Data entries
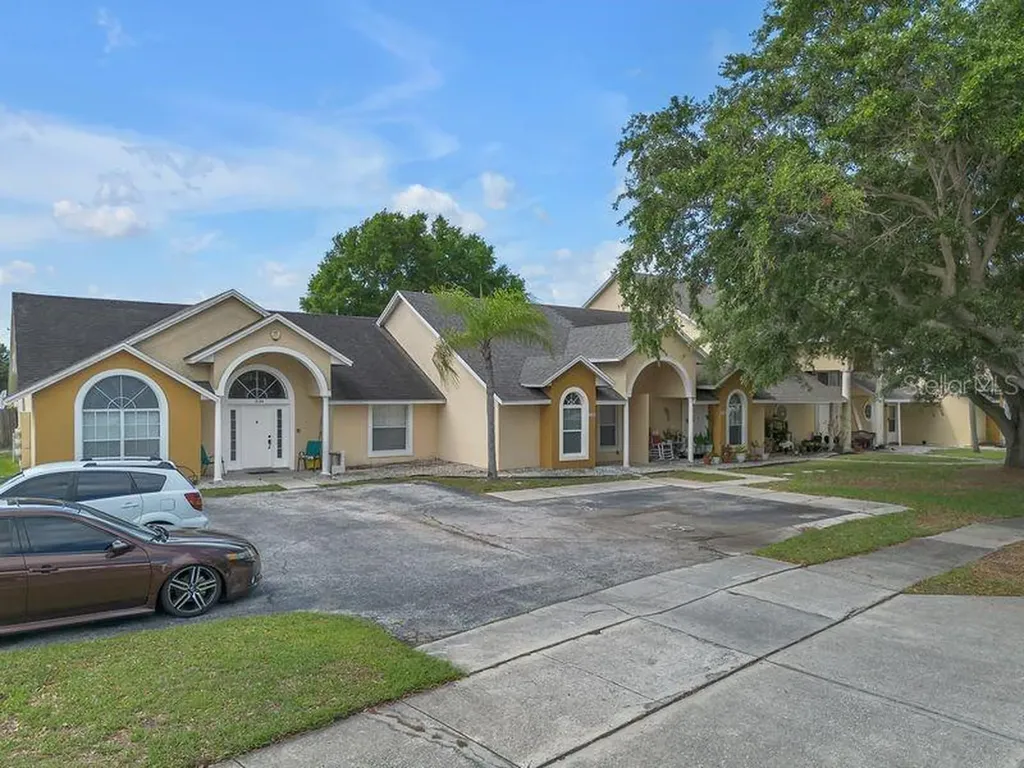 3126 Enclave Court Kissimmee FL 34746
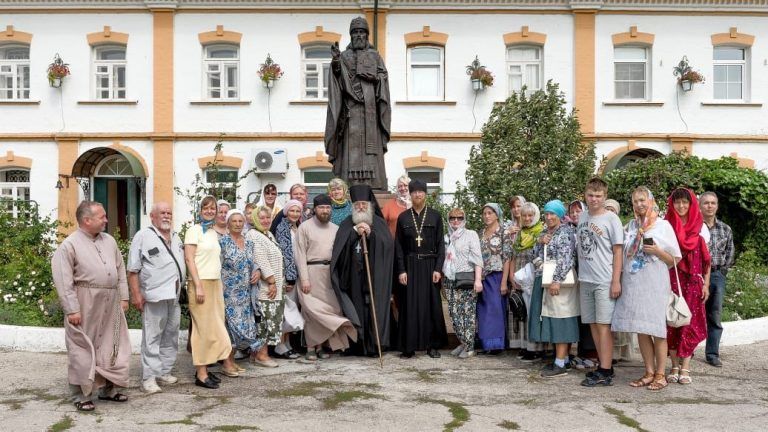 Паломники Череповецкой епархии посетили святыни Среднего Поволжья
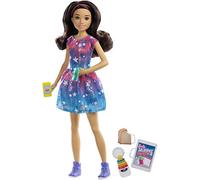 Barbie Bambola Skipper Asiatica Babysitter con Cellulare e Biberon, FXG93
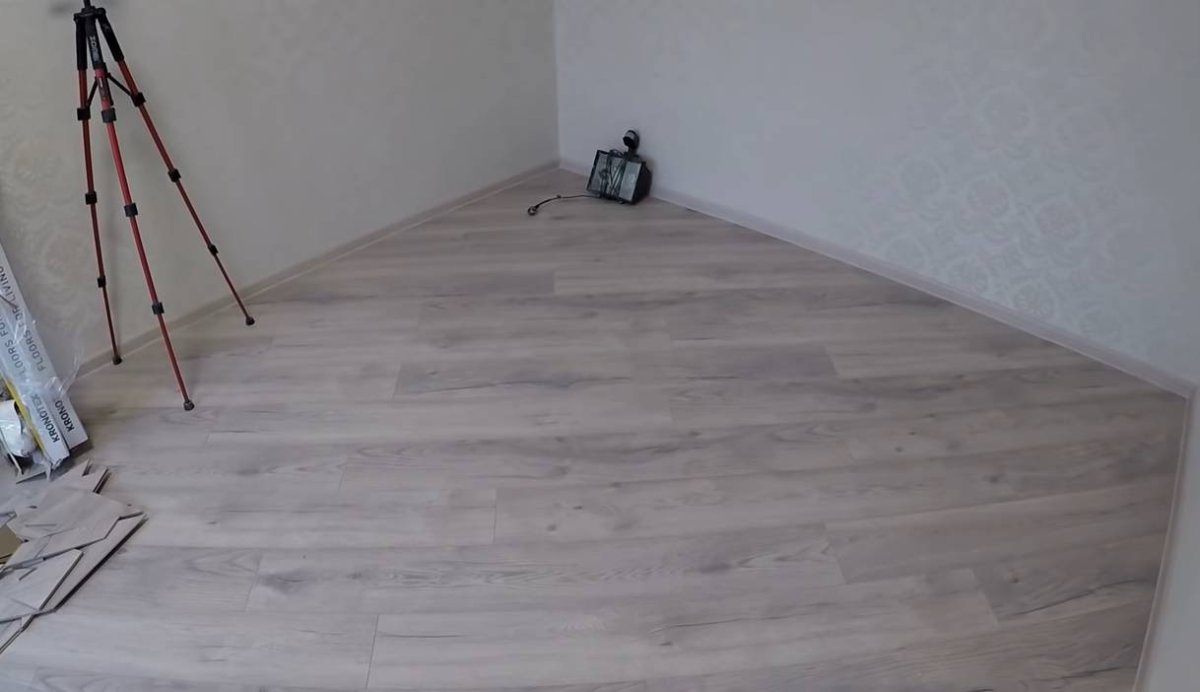 Ламинат в комнате по диагонали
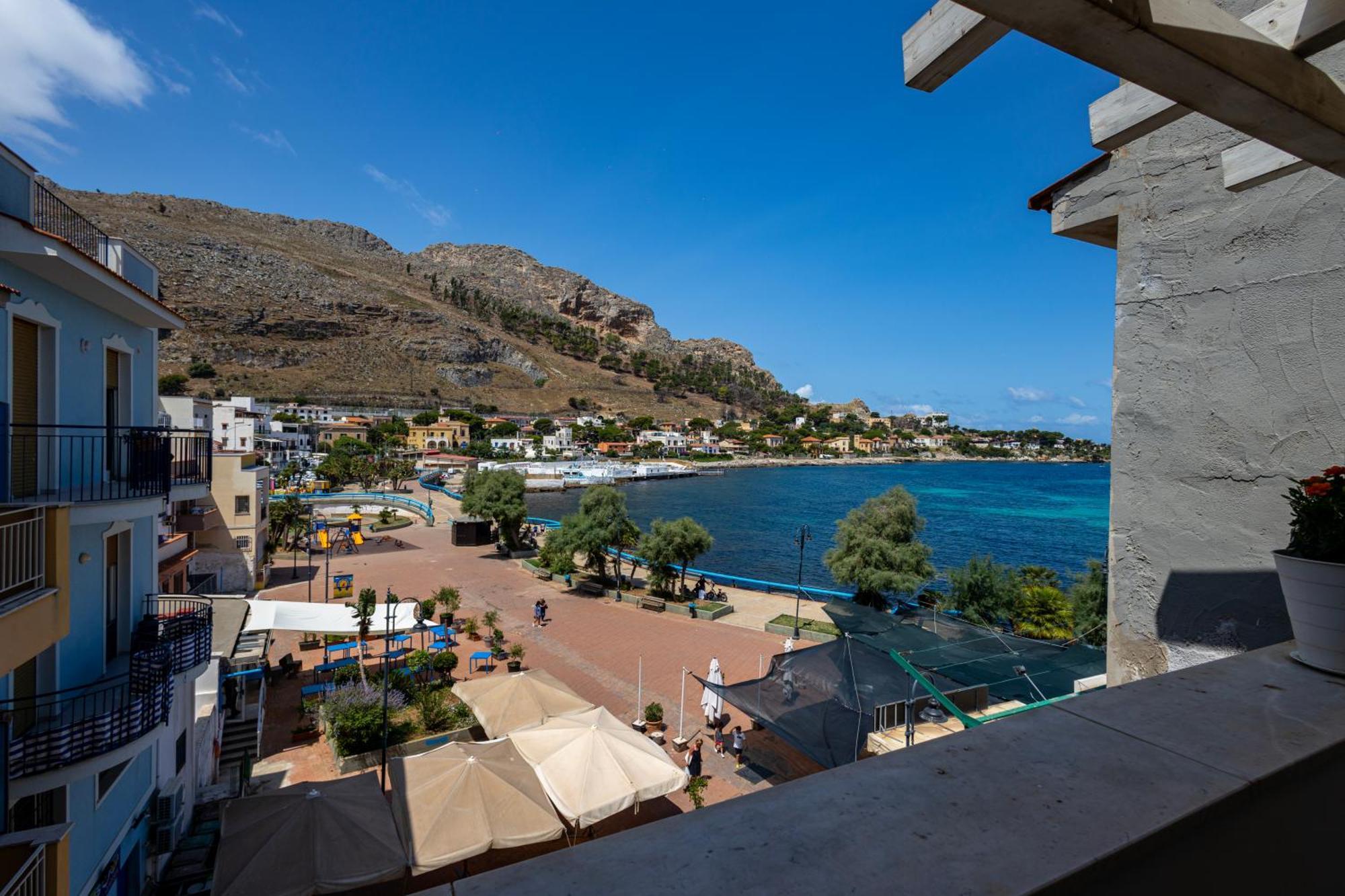 La Piazzetta A Mare Holiday House Sferracavallo Dış mekan fotoğraf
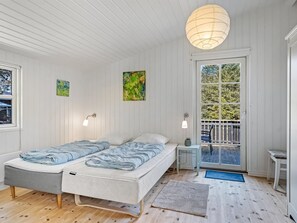 3 bedrooms, WiFi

[The task]:
The required output is every line from the one containing "Паломники Череповецкой епархии" through the last line of the records, inclusive, reproduced exactly and without pictures.

[Expected answer]:
 Паломники Череповецкой епархии посетили святыни Среднего Поволжья
 Barbie Bambola Skipper Asiatica Babysitter con Cellulare e Biberon, FXG93
 Ламинат в комнате по диагонали
 La Piazzetta A Mare Holiday House Sferracavallo Dış mekan fotoğraf
 3 bedrooms, WiFi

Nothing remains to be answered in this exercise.